III. That it often ruins the temporal prosperity of a man.—“And now art thou cursed from the earth which hath opened her mouth to receive thy brother’s blood from thy hand; when thou tillest the ground, it shall not henceforth yield unto thee her strength.” Thus the temporal prospects of the murderer were to be ruined. Sin often destroys the trades and professions of men:—

1. It destroys their reputation. In business, reputation is worth as much to a man as capital. If he is once detected in wrong doing or dishonesty of any kind, his trade will decline. Goodness is an enriching policy.

2. It wastes their earnings: There are multitudes of men who would be rich if they were only morally good and steady. What they earn by industry, they spend in revelling at night. They are drunken. They are improvident. They are reckless. Trade cannot long survive this.

3. It enfeebles their agencies. The ground was not to yield Cain its wonted produce. By sin men weaken their bodies, their minds, their souls, and all their instrumentalities of trade. Thus their temporal prospects are ruined thereby.

IV. That it commits a man to a wandering and a restless life.—“A fugitive and a vagabond shalt thou be in the earth.”

1. Sin makes men restless. It awakens within them restless impulses, ever changing moods, and strange fancies. They are as the great billows sweeping on from one rock to another in their ceaseless flow. Piety alone can render manhood stable and strong. But of this the wicked are destitute. Hence they are unpeaceful. Sin makes men restless:—

(1). Because they have in a very brief term to seek new employments. Wicked men cannot remain long in the employment of one master, they are soon detected. Their past character follows them.

(2). Because they have soon to find new friends. The friendships of wicked men are not enduring. They are transient. They soon terminate in feud. And residence is very much determined by friendship, and the social feeling that is known to prevail amongst a people.

(3). Because he has to avoid old rumours. Whenever the fugitive is conscious that the story of his past life and conduct has followed him, another change of locality becomes necessary. Hence wicked men are the world’s fugitives.

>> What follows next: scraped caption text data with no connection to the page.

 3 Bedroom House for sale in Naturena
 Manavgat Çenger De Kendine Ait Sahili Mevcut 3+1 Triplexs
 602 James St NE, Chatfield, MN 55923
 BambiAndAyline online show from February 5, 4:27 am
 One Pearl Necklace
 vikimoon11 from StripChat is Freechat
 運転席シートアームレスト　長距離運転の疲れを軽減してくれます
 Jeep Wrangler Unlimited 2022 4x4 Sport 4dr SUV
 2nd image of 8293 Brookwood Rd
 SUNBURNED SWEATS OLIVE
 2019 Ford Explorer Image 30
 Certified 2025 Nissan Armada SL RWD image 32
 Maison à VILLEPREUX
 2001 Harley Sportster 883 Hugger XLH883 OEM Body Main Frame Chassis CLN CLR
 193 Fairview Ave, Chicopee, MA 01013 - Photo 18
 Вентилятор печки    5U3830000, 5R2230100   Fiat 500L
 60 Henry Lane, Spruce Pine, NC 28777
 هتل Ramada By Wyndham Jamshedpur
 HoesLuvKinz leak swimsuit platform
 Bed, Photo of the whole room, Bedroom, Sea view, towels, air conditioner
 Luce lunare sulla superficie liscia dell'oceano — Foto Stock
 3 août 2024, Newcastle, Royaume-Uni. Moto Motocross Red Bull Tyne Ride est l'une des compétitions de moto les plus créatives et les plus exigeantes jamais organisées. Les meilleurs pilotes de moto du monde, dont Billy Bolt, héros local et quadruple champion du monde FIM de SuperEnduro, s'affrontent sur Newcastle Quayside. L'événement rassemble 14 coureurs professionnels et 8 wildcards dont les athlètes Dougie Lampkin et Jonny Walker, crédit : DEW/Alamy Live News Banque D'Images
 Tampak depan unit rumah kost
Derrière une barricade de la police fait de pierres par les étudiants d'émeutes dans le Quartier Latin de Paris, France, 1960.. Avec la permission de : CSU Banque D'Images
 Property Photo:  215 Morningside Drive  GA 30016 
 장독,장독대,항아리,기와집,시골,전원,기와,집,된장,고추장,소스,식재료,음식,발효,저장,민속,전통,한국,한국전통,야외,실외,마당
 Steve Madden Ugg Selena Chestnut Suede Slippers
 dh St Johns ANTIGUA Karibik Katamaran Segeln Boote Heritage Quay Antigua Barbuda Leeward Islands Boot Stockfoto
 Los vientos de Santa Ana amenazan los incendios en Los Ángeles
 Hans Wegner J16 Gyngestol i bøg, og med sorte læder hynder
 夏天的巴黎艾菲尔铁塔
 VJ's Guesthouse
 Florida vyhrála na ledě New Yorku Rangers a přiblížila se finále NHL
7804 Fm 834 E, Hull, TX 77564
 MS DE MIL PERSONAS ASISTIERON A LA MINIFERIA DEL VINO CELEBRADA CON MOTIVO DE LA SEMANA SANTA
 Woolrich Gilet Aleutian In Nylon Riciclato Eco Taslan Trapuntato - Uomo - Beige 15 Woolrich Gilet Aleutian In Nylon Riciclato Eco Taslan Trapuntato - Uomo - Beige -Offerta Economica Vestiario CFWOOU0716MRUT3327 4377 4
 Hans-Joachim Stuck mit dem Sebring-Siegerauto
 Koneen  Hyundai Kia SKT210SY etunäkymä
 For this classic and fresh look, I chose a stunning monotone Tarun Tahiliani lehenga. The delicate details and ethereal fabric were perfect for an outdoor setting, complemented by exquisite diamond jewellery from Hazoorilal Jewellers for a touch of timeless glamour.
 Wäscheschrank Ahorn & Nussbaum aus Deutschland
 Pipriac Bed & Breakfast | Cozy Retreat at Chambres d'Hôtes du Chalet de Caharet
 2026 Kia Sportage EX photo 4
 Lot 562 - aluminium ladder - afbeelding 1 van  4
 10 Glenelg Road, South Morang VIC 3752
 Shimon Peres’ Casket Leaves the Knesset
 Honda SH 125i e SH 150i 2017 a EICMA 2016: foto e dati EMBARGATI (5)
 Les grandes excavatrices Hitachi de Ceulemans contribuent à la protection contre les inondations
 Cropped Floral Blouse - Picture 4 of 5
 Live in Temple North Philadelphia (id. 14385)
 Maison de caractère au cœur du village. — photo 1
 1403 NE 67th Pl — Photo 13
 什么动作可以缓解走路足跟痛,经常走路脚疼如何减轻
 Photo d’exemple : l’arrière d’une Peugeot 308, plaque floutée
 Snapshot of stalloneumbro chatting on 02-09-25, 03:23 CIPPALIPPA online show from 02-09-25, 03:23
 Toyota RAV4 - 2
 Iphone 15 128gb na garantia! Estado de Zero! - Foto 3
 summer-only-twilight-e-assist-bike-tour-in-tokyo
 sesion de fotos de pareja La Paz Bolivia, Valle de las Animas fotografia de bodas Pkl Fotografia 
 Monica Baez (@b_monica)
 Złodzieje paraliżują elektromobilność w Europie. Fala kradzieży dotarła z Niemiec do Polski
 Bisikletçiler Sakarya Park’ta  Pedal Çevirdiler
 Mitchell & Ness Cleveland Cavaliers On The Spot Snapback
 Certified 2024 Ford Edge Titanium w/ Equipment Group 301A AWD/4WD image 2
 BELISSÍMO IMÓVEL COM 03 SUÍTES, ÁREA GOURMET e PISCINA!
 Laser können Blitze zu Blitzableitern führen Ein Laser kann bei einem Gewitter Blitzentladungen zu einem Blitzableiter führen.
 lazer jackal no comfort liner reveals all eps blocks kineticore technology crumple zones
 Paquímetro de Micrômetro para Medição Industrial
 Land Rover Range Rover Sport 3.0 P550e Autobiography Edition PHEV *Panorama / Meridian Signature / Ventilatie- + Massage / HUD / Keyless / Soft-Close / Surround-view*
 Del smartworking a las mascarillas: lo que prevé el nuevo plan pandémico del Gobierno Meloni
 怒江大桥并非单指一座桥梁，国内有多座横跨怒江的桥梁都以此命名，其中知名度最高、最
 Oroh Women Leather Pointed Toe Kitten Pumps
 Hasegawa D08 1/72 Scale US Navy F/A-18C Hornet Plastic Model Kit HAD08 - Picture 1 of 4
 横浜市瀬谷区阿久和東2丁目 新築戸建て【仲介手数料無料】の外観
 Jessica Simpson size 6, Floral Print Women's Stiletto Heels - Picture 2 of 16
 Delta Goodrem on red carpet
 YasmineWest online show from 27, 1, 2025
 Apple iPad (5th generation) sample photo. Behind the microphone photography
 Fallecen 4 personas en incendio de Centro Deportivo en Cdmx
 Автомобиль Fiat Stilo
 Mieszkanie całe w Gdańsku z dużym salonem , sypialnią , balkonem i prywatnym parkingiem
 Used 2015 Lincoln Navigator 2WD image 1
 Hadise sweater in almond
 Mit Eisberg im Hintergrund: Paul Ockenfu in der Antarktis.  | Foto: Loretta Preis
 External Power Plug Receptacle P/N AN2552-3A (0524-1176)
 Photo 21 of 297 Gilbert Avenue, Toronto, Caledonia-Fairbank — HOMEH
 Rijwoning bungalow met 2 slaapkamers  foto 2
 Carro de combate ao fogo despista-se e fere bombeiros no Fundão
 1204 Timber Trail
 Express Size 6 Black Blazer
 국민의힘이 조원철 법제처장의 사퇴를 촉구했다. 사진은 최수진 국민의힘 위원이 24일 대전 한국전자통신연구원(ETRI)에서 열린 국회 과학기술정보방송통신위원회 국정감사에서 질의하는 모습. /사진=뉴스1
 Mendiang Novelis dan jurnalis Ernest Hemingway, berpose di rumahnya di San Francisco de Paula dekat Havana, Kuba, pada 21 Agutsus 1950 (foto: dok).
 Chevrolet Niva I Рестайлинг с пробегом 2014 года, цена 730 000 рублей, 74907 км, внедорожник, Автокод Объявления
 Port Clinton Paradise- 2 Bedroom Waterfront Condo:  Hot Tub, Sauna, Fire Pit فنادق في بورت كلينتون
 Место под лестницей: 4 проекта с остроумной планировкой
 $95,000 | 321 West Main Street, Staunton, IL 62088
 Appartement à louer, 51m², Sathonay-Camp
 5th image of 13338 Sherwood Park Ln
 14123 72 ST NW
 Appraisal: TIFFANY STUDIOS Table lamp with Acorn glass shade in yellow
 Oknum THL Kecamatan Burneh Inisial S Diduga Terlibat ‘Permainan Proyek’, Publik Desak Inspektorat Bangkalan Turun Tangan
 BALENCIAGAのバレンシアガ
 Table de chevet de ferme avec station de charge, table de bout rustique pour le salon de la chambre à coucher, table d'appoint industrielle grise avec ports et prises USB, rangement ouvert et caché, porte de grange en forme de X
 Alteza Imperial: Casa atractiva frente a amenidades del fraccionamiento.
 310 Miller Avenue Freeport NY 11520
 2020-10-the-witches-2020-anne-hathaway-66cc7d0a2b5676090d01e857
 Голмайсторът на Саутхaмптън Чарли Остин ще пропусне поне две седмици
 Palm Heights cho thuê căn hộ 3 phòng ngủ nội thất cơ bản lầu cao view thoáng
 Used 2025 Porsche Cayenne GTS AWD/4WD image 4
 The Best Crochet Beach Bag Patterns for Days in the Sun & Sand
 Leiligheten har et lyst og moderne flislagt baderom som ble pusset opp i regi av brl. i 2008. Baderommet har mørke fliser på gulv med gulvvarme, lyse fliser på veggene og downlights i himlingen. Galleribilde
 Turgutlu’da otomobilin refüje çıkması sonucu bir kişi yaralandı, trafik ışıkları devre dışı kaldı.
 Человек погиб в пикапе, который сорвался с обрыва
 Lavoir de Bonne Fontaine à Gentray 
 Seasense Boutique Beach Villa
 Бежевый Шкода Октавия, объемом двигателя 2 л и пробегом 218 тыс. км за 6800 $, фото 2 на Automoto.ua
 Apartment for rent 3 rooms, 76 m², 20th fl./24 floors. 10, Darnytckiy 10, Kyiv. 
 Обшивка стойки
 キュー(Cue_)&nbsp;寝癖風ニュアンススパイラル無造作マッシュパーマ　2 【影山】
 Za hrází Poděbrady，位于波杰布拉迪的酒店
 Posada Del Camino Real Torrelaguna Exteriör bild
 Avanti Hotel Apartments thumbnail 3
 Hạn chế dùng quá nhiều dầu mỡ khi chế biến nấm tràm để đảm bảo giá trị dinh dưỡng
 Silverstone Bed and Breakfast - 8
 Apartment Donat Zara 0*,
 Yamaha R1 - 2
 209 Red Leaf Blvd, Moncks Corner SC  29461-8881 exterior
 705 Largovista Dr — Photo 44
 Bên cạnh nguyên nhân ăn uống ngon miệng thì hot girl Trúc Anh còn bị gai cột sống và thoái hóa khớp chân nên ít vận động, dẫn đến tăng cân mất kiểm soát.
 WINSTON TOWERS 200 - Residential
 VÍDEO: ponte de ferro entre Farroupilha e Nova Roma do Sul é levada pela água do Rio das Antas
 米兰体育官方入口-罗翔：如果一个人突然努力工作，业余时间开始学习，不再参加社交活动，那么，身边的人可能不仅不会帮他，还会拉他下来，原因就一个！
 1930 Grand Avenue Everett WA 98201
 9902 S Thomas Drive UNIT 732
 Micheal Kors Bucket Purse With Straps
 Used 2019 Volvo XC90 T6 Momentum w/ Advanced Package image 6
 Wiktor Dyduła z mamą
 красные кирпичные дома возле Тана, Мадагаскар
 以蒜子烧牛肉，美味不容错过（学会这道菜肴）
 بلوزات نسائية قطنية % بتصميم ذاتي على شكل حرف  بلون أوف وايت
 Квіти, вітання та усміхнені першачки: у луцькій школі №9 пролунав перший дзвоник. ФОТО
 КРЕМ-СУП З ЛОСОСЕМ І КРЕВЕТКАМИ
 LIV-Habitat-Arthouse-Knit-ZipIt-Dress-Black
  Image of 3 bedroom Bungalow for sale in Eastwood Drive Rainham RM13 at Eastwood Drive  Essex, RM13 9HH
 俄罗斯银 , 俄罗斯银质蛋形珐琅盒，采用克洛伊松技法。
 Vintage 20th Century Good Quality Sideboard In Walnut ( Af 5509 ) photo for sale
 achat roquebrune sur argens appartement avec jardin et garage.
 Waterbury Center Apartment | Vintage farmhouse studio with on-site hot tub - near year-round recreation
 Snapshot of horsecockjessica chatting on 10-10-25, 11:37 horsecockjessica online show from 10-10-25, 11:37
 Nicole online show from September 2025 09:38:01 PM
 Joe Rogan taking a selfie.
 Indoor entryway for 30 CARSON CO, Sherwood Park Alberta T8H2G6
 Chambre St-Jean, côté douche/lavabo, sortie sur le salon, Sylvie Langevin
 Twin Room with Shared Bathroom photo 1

V. That it crushes man with a heavy burden and almost renders him despairing.—“And Cain said unto the Lord, My punishment is greater than I can bear.” The sinner is deeply conscious of his punishment, knows that it is equitable, and has no power whatever to resist it. Sin is a burden oppressive to the soul. It marks men so that the world knows and avoids them. It sends them into solitude. It fills them with despair. Their misery few can pity. The murderer should dwell alone. LESSONS:—

1. That sin is the greatest curse of human life.

2. That God is the avenger of the good.

3. That the sinner is the greatest sufferer in the end.

4. That good men go from their worship into heaven.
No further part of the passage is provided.